Plasma-chemical bromination of graphitic materials and its use for subsequent functionalization and grafting of organic molecules

Plasma-chemical bromination has been shown to be well-suited for highly selective and efficient C–Br-functionalization of polyolefin surfaces and has now been applied to graphitic materials, including highly oriented pyrolytic graphite (HOPG), natural graphite, carbon nanotubes, and graphitized carbon fibres. In contrast to the radical substitution of hydrogen by bromine at hydrogen-terminated sp3-hybridized carbon, bromination of all-carbon bound sp2-hybridized carbon in graphene requires addition to aromatic double bonds. The related change of sp2 to sp3 hybridization of the carbon atoms involved helps to explain experimental results of a loss in surface planarity on brominated HOPG. Bromine concentrations of up to 50 bromine atoms per 100 C-atoms were achieved in elemental bromine vapour under low-pressure plasma conditions using low-energetic inductively coupled radio-frequency plasma excitation.
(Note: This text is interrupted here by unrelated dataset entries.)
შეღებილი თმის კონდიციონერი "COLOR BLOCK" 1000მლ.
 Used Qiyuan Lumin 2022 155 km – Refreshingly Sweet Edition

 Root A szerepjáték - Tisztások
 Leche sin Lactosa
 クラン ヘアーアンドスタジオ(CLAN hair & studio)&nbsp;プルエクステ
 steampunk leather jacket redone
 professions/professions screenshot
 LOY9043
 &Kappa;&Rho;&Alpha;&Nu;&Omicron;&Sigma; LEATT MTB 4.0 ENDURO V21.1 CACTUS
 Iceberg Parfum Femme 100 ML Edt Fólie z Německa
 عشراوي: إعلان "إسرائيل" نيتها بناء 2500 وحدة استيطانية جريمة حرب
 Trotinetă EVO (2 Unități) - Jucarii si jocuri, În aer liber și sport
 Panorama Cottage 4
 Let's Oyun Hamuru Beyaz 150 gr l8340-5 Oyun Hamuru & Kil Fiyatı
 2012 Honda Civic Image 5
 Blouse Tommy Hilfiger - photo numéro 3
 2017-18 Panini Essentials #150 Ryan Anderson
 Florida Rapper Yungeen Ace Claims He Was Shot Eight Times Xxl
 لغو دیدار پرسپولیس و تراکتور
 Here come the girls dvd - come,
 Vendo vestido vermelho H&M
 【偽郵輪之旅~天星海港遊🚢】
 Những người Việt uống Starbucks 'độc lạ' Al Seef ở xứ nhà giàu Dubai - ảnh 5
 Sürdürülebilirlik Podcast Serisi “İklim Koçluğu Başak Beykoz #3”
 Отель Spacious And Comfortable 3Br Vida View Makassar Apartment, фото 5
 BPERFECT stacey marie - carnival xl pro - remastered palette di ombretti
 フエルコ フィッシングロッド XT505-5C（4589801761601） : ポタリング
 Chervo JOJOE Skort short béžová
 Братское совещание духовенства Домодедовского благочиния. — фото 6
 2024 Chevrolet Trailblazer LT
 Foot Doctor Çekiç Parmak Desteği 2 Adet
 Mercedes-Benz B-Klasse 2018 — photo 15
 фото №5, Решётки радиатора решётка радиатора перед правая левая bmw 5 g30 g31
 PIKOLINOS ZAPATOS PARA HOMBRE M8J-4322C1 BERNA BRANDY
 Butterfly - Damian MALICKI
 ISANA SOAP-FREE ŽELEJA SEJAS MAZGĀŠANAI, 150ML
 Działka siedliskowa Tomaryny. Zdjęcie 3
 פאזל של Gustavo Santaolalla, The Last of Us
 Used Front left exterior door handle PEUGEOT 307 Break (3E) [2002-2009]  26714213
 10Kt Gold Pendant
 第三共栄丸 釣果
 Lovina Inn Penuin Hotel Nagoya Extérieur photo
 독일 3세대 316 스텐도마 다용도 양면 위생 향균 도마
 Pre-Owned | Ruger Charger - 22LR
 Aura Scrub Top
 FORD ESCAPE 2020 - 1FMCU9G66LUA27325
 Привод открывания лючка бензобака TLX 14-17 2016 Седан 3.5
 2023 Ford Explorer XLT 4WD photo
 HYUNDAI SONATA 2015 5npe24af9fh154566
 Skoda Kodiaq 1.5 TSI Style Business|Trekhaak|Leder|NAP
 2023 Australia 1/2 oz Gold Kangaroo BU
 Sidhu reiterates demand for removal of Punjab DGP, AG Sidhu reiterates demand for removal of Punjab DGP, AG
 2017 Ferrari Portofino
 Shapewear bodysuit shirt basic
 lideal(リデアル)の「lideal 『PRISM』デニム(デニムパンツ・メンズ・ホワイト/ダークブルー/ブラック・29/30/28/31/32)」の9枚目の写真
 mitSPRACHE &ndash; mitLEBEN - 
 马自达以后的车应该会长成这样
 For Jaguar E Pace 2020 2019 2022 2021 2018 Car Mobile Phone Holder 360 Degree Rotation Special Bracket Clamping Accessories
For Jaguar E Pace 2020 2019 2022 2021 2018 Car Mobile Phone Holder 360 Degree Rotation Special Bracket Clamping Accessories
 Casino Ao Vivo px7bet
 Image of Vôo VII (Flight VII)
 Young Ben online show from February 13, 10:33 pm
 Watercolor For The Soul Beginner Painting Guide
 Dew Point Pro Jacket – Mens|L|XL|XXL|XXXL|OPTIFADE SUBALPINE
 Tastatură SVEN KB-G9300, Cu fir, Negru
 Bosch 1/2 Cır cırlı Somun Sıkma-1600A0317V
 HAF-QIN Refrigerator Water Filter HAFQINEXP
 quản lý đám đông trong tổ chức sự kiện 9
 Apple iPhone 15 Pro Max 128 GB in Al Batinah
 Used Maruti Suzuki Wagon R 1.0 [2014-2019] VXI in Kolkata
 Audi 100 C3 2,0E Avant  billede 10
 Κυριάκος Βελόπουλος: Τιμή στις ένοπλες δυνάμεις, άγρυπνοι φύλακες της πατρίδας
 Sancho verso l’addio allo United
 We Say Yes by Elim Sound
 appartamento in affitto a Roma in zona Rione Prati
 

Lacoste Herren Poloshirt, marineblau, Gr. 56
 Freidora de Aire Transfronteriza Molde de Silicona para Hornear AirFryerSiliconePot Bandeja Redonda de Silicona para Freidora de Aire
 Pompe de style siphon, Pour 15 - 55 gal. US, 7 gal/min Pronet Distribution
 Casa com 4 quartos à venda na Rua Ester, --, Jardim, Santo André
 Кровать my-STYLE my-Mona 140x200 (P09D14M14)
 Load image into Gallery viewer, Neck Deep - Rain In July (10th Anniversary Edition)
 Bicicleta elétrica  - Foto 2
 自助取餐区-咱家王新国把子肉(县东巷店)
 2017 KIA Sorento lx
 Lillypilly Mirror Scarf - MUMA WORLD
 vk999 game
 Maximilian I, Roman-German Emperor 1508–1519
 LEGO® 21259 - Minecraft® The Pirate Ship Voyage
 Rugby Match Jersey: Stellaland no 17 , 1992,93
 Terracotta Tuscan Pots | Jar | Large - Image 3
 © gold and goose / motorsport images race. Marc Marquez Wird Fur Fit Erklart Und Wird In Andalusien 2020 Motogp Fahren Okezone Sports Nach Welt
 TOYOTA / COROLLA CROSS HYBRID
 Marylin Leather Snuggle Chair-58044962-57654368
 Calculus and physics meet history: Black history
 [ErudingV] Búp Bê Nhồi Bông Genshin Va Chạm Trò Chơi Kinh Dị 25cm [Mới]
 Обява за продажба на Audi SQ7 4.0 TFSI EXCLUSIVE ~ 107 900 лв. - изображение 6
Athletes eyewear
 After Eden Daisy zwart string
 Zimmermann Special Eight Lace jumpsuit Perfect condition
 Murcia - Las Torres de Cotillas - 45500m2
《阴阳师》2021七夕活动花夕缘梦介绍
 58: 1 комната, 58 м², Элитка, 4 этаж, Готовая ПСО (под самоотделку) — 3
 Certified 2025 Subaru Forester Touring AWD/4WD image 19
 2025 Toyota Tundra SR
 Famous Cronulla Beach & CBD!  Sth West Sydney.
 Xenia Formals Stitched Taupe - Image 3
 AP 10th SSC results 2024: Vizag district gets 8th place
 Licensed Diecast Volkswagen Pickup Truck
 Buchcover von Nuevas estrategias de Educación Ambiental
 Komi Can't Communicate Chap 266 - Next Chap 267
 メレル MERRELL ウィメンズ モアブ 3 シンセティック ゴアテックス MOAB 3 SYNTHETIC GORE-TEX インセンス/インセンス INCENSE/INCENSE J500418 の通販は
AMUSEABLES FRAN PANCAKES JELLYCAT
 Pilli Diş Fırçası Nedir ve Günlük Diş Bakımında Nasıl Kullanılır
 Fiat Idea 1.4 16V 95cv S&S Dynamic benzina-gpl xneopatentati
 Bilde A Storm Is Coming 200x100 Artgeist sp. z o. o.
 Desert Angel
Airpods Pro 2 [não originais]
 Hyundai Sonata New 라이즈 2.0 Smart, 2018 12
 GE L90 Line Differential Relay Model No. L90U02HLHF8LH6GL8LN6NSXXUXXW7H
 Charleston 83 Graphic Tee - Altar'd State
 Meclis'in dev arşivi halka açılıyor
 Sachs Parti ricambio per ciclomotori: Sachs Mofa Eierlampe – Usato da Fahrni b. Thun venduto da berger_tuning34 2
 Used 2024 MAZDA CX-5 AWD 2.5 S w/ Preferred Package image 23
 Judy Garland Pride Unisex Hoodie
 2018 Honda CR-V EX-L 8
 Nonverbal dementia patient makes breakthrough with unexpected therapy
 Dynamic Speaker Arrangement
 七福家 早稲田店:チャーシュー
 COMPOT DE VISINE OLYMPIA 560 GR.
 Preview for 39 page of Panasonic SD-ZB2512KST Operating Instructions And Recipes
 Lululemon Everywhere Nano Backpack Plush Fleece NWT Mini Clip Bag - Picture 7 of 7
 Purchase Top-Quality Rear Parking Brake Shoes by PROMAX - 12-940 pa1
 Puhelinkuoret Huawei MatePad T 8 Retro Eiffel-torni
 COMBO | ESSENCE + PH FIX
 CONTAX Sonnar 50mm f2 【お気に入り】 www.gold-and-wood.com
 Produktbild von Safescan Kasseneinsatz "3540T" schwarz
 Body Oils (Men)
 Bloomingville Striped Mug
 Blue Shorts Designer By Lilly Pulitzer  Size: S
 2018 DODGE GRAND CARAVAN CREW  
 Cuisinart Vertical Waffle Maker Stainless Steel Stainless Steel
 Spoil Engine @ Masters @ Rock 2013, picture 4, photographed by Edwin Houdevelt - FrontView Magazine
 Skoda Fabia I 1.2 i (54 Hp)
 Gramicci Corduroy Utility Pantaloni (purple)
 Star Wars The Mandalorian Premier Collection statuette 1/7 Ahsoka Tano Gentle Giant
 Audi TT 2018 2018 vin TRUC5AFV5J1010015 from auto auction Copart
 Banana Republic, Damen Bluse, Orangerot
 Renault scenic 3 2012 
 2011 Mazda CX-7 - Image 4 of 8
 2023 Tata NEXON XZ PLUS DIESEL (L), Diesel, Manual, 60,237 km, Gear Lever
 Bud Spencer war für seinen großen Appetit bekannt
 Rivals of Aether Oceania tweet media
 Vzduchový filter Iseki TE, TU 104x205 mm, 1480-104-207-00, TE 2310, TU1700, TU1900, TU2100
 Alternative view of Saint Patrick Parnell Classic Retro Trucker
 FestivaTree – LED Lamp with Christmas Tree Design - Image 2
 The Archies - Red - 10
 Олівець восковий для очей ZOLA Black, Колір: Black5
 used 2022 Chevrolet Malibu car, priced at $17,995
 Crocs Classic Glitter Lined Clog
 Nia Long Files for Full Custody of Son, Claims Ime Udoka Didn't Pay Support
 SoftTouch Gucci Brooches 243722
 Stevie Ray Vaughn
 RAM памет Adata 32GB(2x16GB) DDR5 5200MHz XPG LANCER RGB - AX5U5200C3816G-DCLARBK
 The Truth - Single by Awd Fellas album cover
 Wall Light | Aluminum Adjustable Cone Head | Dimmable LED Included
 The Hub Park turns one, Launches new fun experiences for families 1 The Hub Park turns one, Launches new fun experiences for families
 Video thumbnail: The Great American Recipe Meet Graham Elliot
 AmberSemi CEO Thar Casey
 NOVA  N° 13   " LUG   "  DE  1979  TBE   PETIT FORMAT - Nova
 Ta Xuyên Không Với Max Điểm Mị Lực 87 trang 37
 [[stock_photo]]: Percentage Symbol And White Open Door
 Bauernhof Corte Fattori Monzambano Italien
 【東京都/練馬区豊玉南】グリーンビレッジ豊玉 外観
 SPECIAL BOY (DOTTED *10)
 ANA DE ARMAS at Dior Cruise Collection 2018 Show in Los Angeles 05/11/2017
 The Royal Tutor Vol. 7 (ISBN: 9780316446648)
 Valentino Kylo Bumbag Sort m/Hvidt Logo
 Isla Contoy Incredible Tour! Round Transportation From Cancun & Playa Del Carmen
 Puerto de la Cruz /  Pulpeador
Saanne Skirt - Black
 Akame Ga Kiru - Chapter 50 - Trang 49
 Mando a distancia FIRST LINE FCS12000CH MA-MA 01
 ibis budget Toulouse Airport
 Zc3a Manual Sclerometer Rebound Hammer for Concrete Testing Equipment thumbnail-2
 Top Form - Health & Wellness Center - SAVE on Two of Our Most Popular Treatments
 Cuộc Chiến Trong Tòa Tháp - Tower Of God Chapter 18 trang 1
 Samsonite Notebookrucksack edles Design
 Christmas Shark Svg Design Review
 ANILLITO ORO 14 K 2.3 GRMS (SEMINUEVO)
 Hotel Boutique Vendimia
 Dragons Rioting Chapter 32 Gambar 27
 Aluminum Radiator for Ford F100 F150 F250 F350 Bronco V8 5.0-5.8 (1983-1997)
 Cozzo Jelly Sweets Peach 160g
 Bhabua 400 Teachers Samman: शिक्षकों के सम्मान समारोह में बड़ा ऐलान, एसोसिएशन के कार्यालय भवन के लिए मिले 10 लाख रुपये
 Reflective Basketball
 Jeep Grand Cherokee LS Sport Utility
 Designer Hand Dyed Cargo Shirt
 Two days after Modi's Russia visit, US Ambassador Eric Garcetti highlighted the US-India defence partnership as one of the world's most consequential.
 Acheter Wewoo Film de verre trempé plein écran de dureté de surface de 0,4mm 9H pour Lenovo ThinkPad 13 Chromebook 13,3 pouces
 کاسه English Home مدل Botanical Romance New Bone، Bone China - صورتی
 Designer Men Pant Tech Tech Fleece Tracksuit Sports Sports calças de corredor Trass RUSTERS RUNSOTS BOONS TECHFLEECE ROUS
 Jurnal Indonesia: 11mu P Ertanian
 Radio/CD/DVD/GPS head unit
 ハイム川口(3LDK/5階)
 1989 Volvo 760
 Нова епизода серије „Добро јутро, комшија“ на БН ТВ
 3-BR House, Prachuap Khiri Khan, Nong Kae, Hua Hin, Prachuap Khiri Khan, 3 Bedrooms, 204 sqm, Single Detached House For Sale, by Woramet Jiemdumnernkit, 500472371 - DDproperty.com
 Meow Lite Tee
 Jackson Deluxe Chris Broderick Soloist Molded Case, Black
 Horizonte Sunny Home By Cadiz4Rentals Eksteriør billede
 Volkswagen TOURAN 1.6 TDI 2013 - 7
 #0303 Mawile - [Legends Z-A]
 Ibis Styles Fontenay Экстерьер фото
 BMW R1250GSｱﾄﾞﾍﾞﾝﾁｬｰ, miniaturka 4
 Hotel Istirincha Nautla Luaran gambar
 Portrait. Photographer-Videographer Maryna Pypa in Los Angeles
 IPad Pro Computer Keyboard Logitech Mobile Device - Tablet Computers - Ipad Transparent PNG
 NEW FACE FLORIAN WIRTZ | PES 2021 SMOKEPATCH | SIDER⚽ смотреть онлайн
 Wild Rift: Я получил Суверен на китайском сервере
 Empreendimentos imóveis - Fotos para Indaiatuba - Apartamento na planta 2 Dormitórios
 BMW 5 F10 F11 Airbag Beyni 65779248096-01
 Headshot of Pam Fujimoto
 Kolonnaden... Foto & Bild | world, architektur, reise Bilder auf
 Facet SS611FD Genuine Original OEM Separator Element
The time scale of the bromination progress was found to increase with the specific surface area of the material. The results of plasma-chemical bromination are compared to that of wet-chemical electrophilic addition reactions, which achieved 28 Br per 100 C for MWCNT. The resulting C–Br bonds from plasma-chemical processing of graphitic materials were shown to be well-suited for hydroxyl functionalization and for grafting of organic molecules by nucleophilic substitution with 1,6-diaminohexane and (3-aminopropyl)triethoxysilane.